:: What needs to be done ::
Below are the records; extract from them the line containing "Chiquease Set de" to the line containing "2024 New Beading", both lines included, exactly and with no pictures.

:: Provided data ::
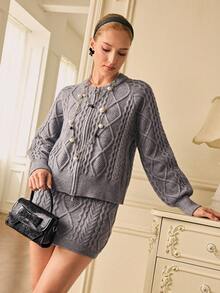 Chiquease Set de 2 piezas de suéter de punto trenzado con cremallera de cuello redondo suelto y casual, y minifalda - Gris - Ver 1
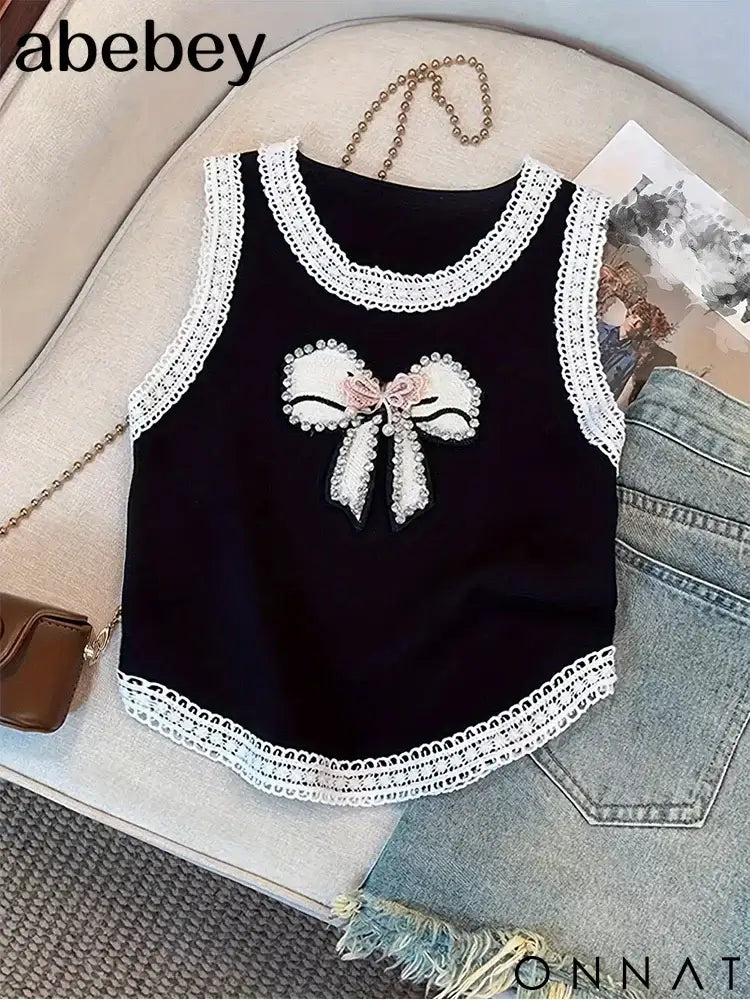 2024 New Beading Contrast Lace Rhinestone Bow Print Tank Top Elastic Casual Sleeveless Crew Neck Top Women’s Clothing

--

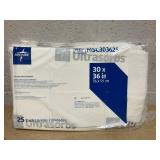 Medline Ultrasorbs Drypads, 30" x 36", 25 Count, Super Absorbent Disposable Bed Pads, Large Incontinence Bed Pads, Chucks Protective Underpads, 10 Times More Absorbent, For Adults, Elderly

==

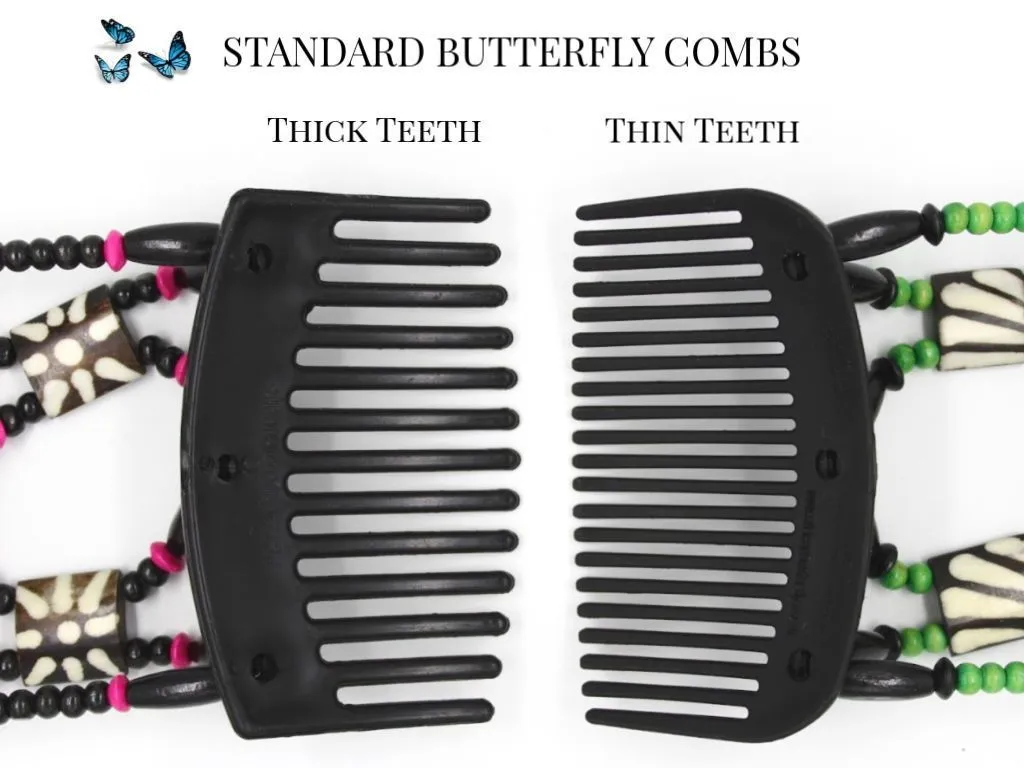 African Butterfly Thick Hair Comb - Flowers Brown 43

:: Task solution ::
 Chiquease Set de 2 piezas de suéter de punto trenzado con cremallera de cuello redondo suelto y casual, y minifalda - Gris - Ver 1
 2024 New Beading Contrast Lace Rhinestone Bow Print Tank Top Elastic Casual Sleeveless Crew Neck Top Women’s Clothing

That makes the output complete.